Espécie de Meca Musical mundial, talvez empatada com Londres, a cidade americana não era um lugar muito receptivo para ninguém no início dos anos 1980. Suja, mal-cuidada e dominada por máfias e gangues, era também um lugar onde a criatividade artística imperava. De Andy Warhol a Madonna, muitos acreditam que aquela época foi o auge da cultura pop em geral. Foi nesse lugar que Charly Garcia se estabeleceu e passou a assistir apresentações dos mais diversos artistas. Diferentemente da facilidade de hoje, ter acesso a bons equipamentos e instrumentos dependia de uma viagem ou de alguém disposto a trazê-los. Instalado, acabou comprando alguns "brinquedinhos": sintetizadores, samplers, gravadores e a bateria eletrônica Roland TR-808. Essa parafernália musical foi o primeiro passo para as demos do que seria "Clics Modernos".
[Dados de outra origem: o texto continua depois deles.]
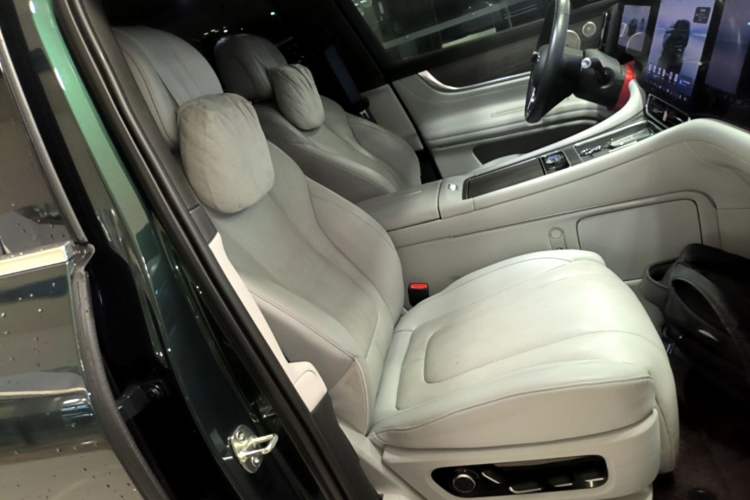 Used Hima AITO M9 2024 Range-Extended Max Edition 42 kWh 6-Seater Version Right Front Seat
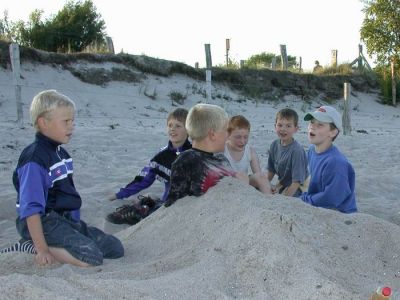 10 - Hauke Holm wird eingebuddelt.jpg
Em uma dessas coisas do destino, reencontrou o amigo e ex-companheiro de Serú Giran Pedro Aznar, já algum tempo nos Estados Unidos, autoexilado por conta da ditadura militar argentina, e estudante na Berklee College of Music. Quando começaram os primeiros ensaios para o disco, os dois perceberam ter um ótimo material em mãos. Porém, sem apoio de uma grande gravadora, restava fazer tudo de modo independente. Ou seja, ele tiraria dinheiro do próprio bolso para pagar as gravações, primeiro em estúdios menores em Nova York e Los Angeles, depois no imponente e importante Electric Lady Studios. 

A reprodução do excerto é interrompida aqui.